REQUIRED ACTION. Leaving out every picture, copy the lines of the data exactly, from the first through the line containing "Magie des Winters".

RECORDED DATA.
■ ■ ■ ■

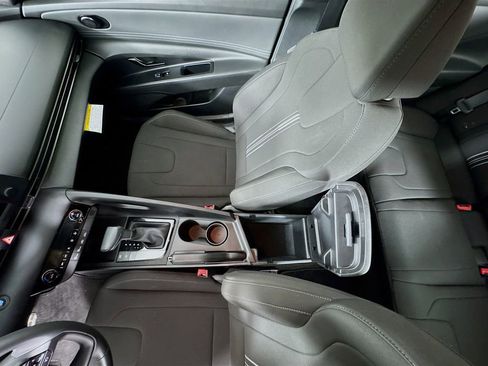 Certified 2025 Hyundai Elantra Sport image 35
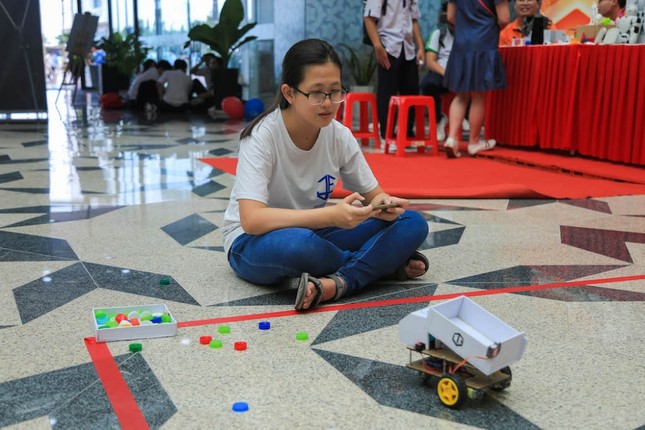 Giáo sư Ngô Bảo Châu: “Muốn học Toán giỏi cần nắm kĩ những bài Toán cơ bản“ ảnh 9
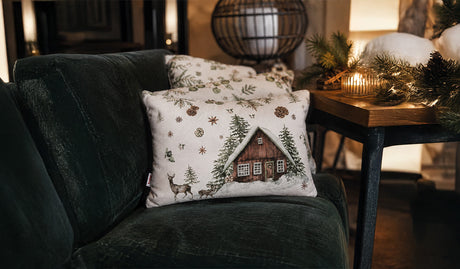 Magie des Winters Kisssenhüllen auf einem sofa in einem gemütlichen wohnzimmer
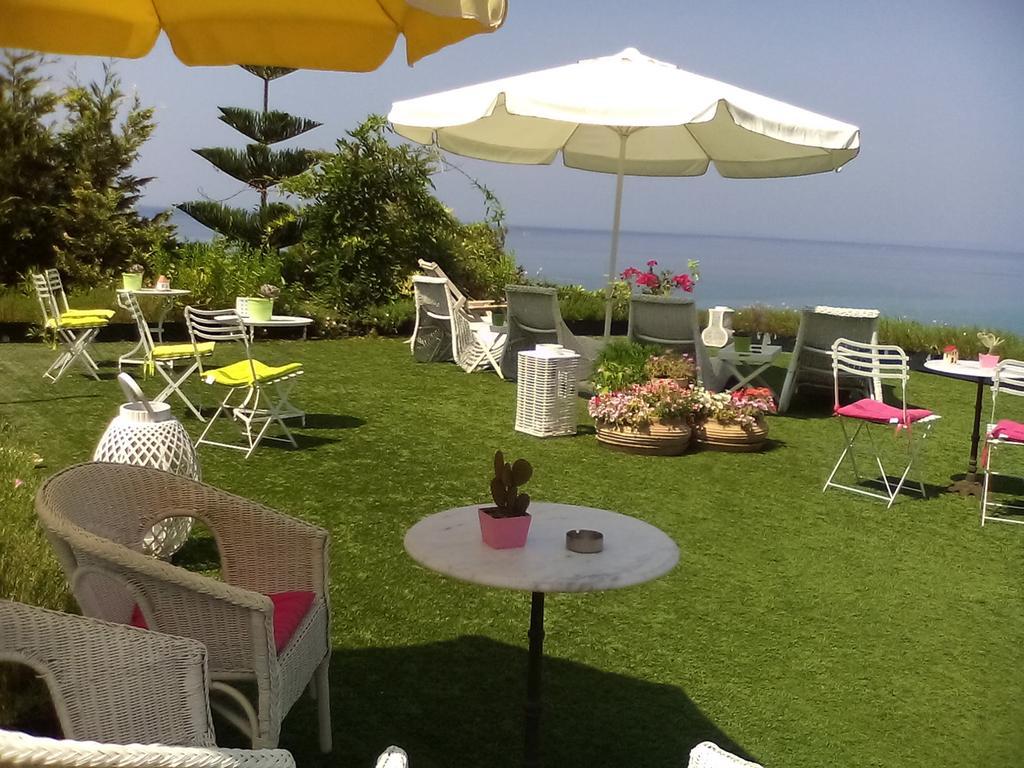 Palmina Mare Villa And Studios Paralia Vrachou Exteriér fotografie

■ ■ ■ ■

TASK ANSWER.
 Certified 2025 Hyundai Elantra Sport image 35
 Giáo sư Ngô Bảo Châu: “Muốn học Toán giỏi cần nắm kĩ những bài Toán cơ bản“ ảnh 9
 Magie des Winters Kisssenhüllen auf einem sofa in einem gemütlichen wohnzimmer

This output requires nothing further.